■ The problem ■
Filter the entries down to the lines holding "plate", then copy those lines.

■ Material provided ■

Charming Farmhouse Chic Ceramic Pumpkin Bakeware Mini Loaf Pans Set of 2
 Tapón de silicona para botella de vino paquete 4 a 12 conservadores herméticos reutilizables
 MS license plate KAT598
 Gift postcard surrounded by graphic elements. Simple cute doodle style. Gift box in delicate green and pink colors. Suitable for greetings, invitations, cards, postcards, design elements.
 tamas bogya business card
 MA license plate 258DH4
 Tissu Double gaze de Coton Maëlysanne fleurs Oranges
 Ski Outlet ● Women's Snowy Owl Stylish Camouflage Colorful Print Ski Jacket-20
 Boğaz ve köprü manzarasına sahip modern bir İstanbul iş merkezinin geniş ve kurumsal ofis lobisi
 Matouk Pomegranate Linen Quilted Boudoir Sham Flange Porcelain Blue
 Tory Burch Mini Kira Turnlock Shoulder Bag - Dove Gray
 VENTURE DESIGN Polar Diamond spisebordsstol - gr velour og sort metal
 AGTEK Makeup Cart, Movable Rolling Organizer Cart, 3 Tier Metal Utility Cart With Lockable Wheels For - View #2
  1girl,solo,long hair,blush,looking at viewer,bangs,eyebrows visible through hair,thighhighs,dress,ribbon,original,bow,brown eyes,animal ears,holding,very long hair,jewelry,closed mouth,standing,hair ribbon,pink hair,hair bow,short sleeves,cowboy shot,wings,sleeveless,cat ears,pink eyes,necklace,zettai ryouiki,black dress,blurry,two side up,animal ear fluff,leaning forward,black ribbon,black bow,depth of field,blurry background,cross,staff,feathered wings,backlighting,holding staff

■ Response area ■
 MS license plate KAT598
 MA license plate 258DH4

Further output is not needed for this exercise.